A palpable sense of drift and the uncertainty that often accompanies it is a common sensation and textual characteristic of many of the key films circulating--or floating--on the international film festival circuit. Such a fluid relation between the past and present--and different notions of context--was also addressed in three of the other most evocative films at MIFF: Mercedes Alvarez's The Sky Turns (along with World Memory Cinema my favourite film of the festival), robin Campillo's They Came Back and Michael Haneke's Cache/ Hidden. They Came Back is novel variation on the zombie film, showing the everyday disruptions that occur when the 'recently' deceased return to a French town. Initially welcomed by most of the inhabitants, they eventually become restless and strive to return to the place they have mysteriously arisen from. In its quiet evocation of a world where disappearance, uncertainty and mortality--not adequately mourned or registered--are everyday facts of life, and where life and death are inexactly policed and demarcated realms, They Came Back provided a soulful, if perhaps a little too muted meditation on the contemporary human condition. In contrast, Hidden finds a wonderfully unsettling visual analogue for such uncertainly demarcated realms. Partly detailing the ramifications and long buried memories of the Algerian War, the film opens--and returns to--a 'surveillance' image of a French street that appears on screen, full-frame. It is initially almost impossible to make out that this is a video image, a recording that emanates from the world of the film rather than 'simply' showing us that world. It is only when the image is broken, paused and rewound that we realise we are watching a very ordinary' taped image of the exterior of the characters' dwelling. Such serious playfulness with the status and purpose of mediated images is part-and-parcel of Haneke's cinema, but here rather than pointing to rather rudimentary theorizations of media-effects and in a way not so dissimilar to The World's damaging simulacra) it truly unsettles our understanding and ability to grasp onto what is going on. In our realization that what we are watching is an 'image'--a rather mundane one at that--historical, cultural and referential certainty starts to fall away.

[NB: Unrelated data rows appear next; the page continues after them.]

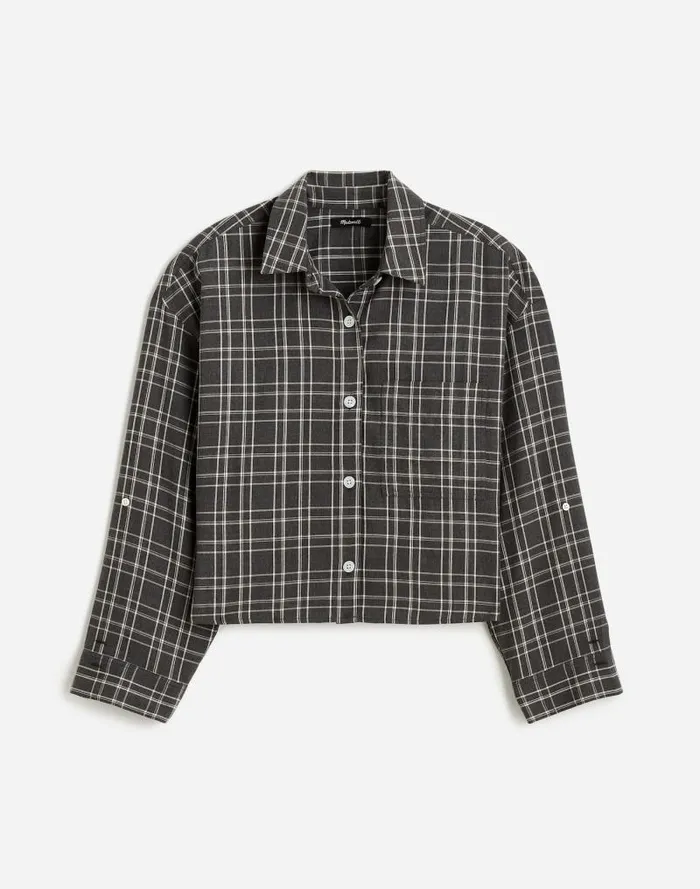 Women StraightHem Shirt Hthr Medium Grey Madewell Tops and Shirts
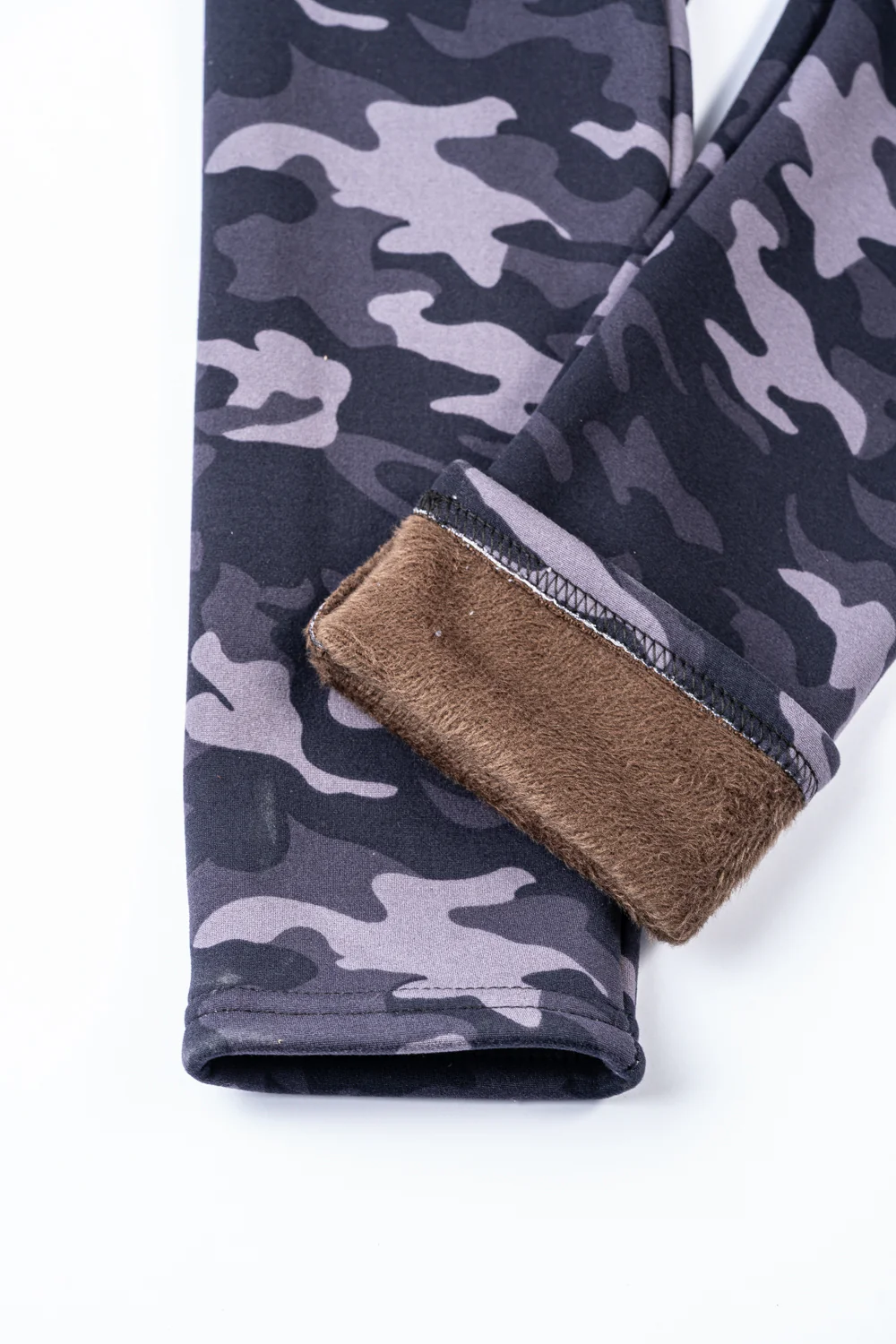 Purple Camouflage - Cozy Lined Leggings - Image 5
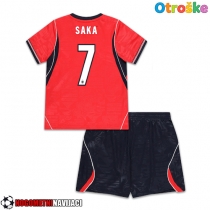 Otroške Nogometnih dresov Anglija Bukayo Saka #7 Gostujoči SP 2026 Kratki rokavi (+ hlače)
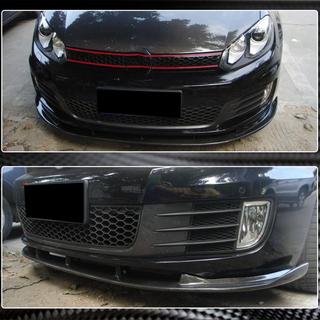 Labio Delantero V2 para GTI HB 2010-2013 Carbono foto 4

But all of these global preoccupations with the fabric of modern experience were at their best and most transcendent when they also focused on the experiential details of everyday existence. Despite the claims it makes for film history as a massive repository of historical memory, the most extraordinary moments in World Mirror Cinema are reserved for the (mis)matching of human faces and movements between scraps of archival footage. Similarly, despite its moving insistence on the continuities of everyday human experience across time and within the same Spanish village, The Sky Turns actually 'turns' upon the gently shifting arc of moon and sun, cosmic but quotidian observations of the passing of everyday life. The World is also preoccupied by the small miscommunications that plague and gradually distance its group of characters from one another; while Alex Gibney's grippingly 'argued' Enron: The Smartest Guys in the Room gains its greatest charge from the ludicrous, but scarily real blow-by-blow insider account of the practice of hypothetical accounting. But for me the most moving moment of MIFF revolved around an even smaller gesture. Lovingly documenting a fairly tortured life, Be Here to Love Me: A Film about Townes Van Zandt's final moments show a brighter, more playful Townes trying on various hats and mugging for the camera. Over these silent, gently comic images are poignantly draped the strains of one of the visionary songwriters most melancholy but steadfast songs, 'High, Low and in Between'. Not too bad a description for one of the best instalments of MIFF for some time.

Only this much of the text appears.